Privacy (Or What’s Left of It)
In this project, we take your privacy as seriously as we take memory leaks in the cub3d project: they scare us, but sometimes we ignore them until someone evaluates us.
1. What data do we collect?
Only what’s strictly necessary for this Frankenstein of a project to work:
- Your Intra Login: So we know who to blame in the rankings.
- Your Avatar: So we can see that pool picture you took two years ago.
- Cookies: Not the edible ones (sadly), but the ones that keep your session alive so you don’t have to log in every time the NestJS server restarts itself.
2. What do we use your data for?
Mainly to keep the Transcendence system from collapsing. We use your info to:
- Give you a nice-looking profile.
- Send you chat notifications that you will probably ignore.

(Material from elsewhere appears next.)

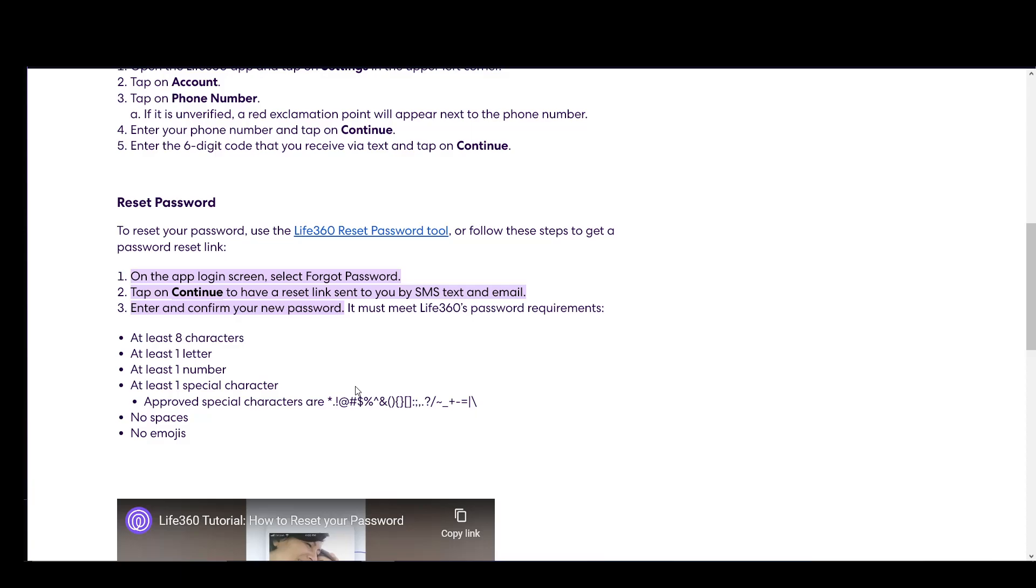Now, if you have any of those, what you need to do is log in to the app and on the login screen, select the forgot password option.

- Make the matchmaking system try to pair you with someone, even if you end up playing against a bot because no one else is online at 4:00 AM.
3. Do we share your data?
Who would even want it? Neither Google nor Facebook care how many times you’ve lost at Pong against a teammate. We don’t sell your data, mainly because we don’t know how to set up a payment gateway without Docker exploding.
4. Information Security
console.log("Trust me bro");
} else {
console.log("It's a feature, not a bug");
}
We implement security levels that would make a cybersecurity expert cry, but they are good enough to pass a peer evaluation. Your passwords (if you don’t use 42 OAuth) are hashed, because even we have standards.
5. Your Rights (Budget GDPR)
You have the right to:
- Access: See what we store about you (Spoiler: not much).

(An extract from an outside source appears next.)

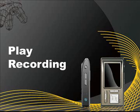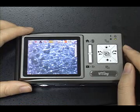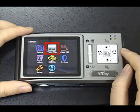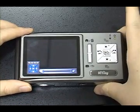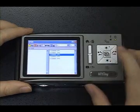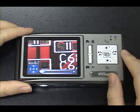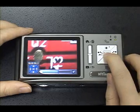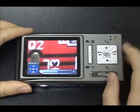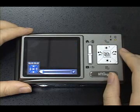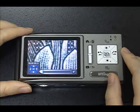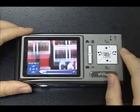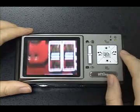Play recording: select Video Play and press the middle button, then press the snapshot button to enter the chapter. Choose the video file you want to play. Press the bottom middle button to pause, the bottom up button to stop, the bottom right button to play the next file, the bottom left button to play the previous file, and the bottom button to hide the control panel.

- Rectification: Change your name if you regret choosing "PongMaster99".
- Deletion: Delete your account. This will remove your data from the database, but the trauma of losing to our final boss will remain forever.
6. Changes to This Policy
We reserve the right to change this every time an evaluator tells us: "Hey, this is illegal". We’ll notify you with a chat message that will probably get lost in the scroll.
By using this site, you accept that the developer is a sleep-deprived student and that "absolute privacy" is a romantic concept, not a technical one.
If you’ve read this far, you clearly have too much free time. Go finish Inception.